Task description
Output exactly, and only, the lines below from the one with "Observe the denaturation" down to the one with "Some of the". Include both end lines and no pictures.

The records
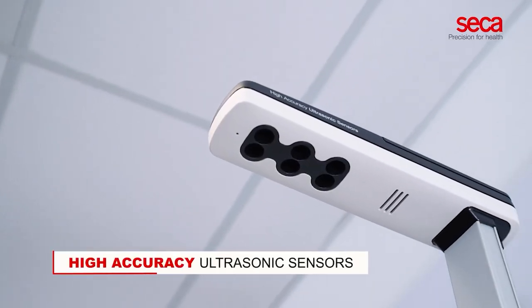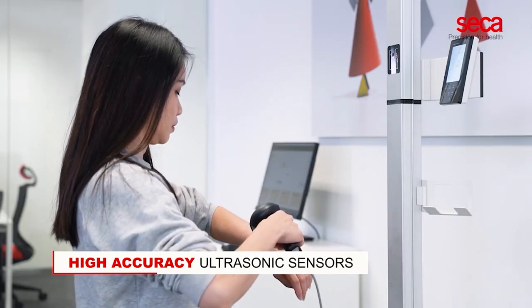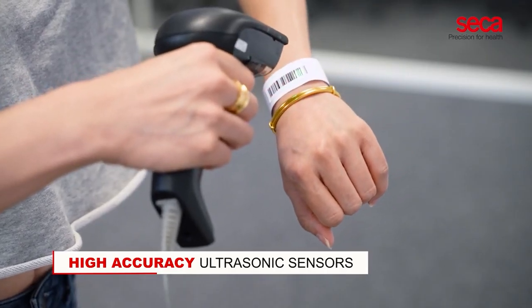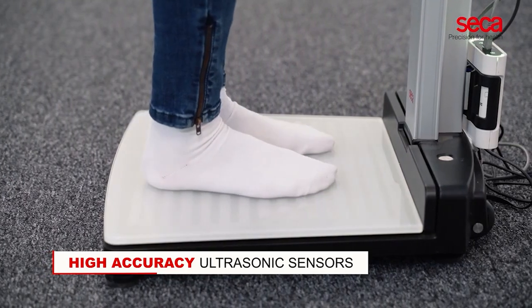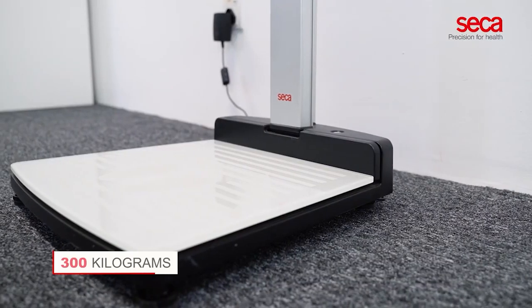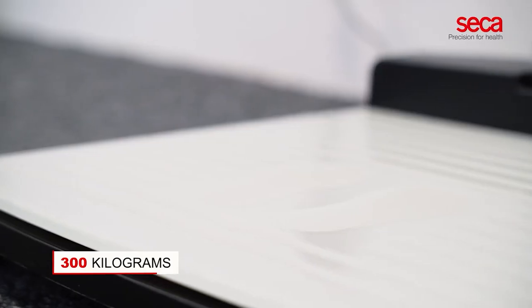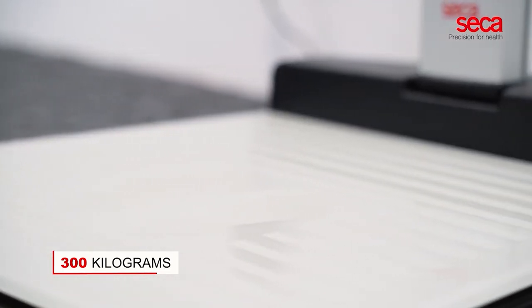With highly accurate ultrasonic sensors, the ultrasonic height measurement is highly precise. This technology eliminates the necessity of direct physical contact between patients and medical personnel. The durable platform, made of non-slip tempered glass, can hold up to 300 kg and is easy to disinfect.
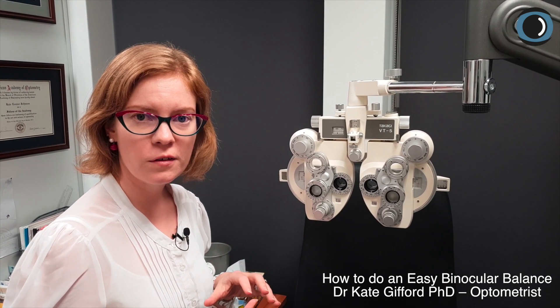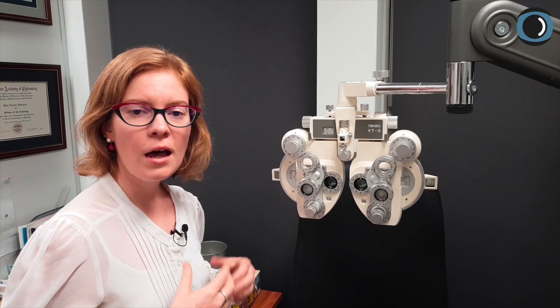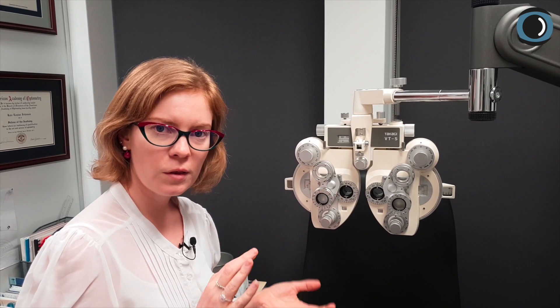This short video shows a technique for binocular balance that you may find a little easier to put into practice, and that your patient should find a little easier as well. As with a video on astigmatic corrections, the key message is to give your patients a difference to see — to make it simple by showing them a difference. With this binocular balance technique, we're going to see if we're balanced within plus 0.25 by giving the patient a difference to see.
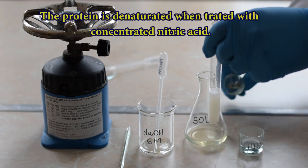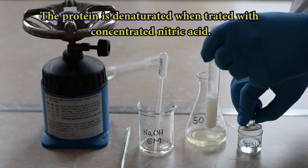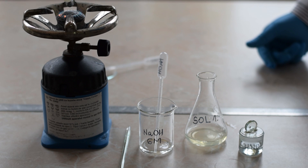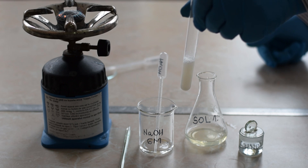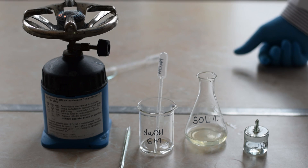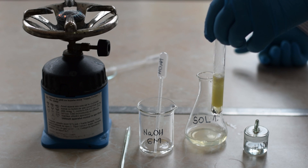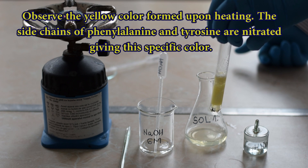Observe the denaturation of the protein when a strong acid is added. Heat gently the content of the test tube. Notice the yellow color that appeared.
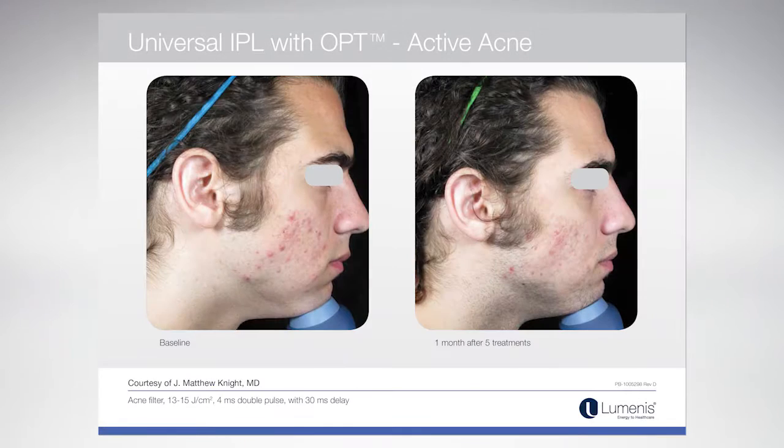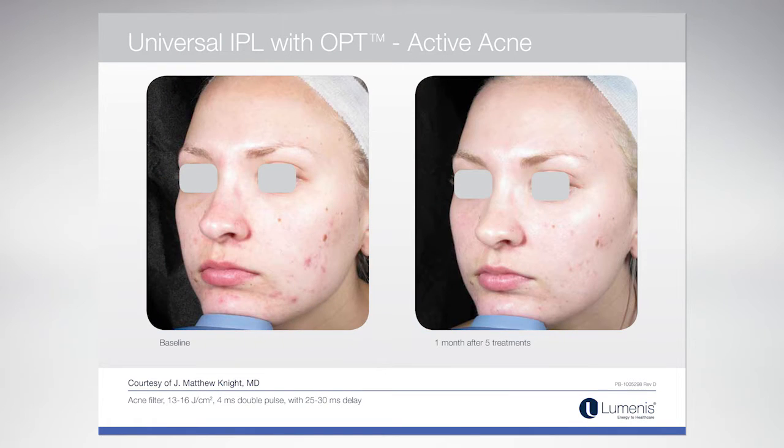Some of the newer filters that have just come out are really exciting. One of them is the acne filter, and it has a wavelength of 400. We all know that in the 400 spectrum we're able to target P. acnes. So now we're able to treat patients with inflammatory acne, and I think that's going to open up a whole new set of patients to our practice.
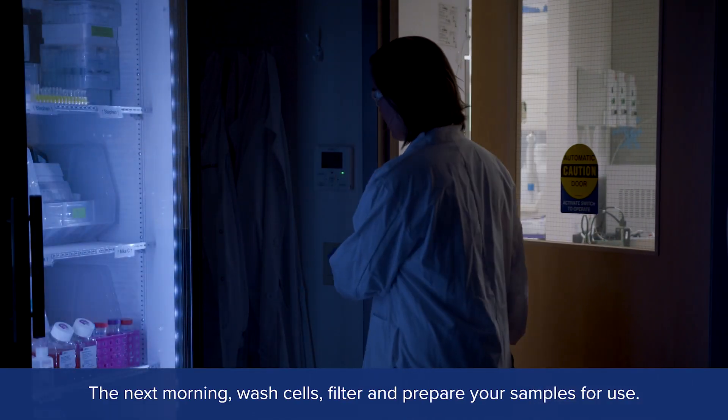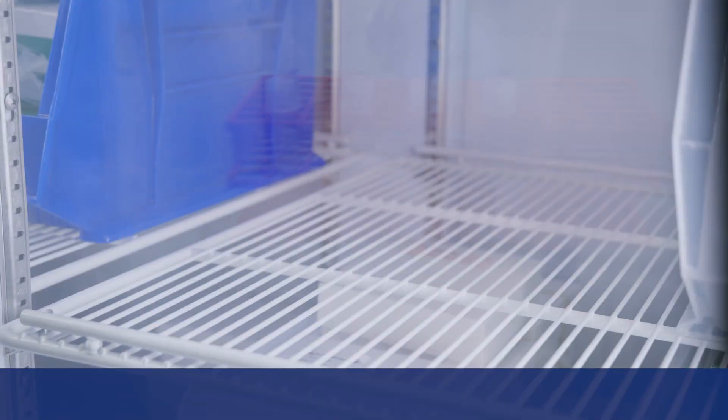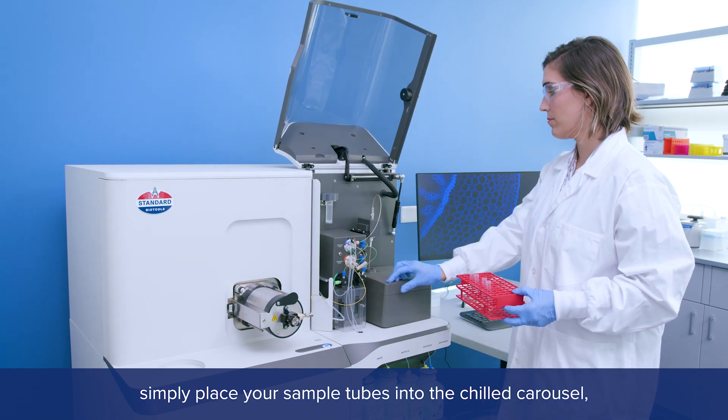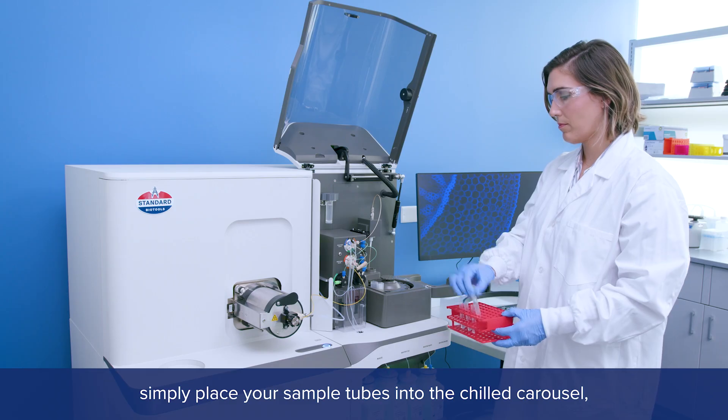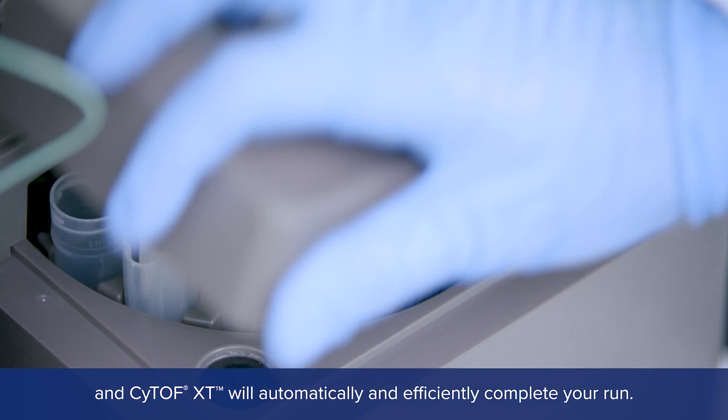The next morning, wash cells, filter, and prepare your samples for use. To acquire your data, simply place your sample tubes into the chilled carousel, and CyTOF XT will automatically and efficiently complete your run.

Exercise response
Observe the denaturation of the protein when a strong acid is added. Heat gently the content of the test tube. Notice the yellow color that appeared.
Some of the newer filters that have just come out are really exciting. One of them is the acne filter, and it has a wavelength of 400. We all know that in the 400 spectrum we're able to target P. acnes. So now we're able to treat patients with inflammatory acne, and I think that's going to open up a whole new set of patients to our practice.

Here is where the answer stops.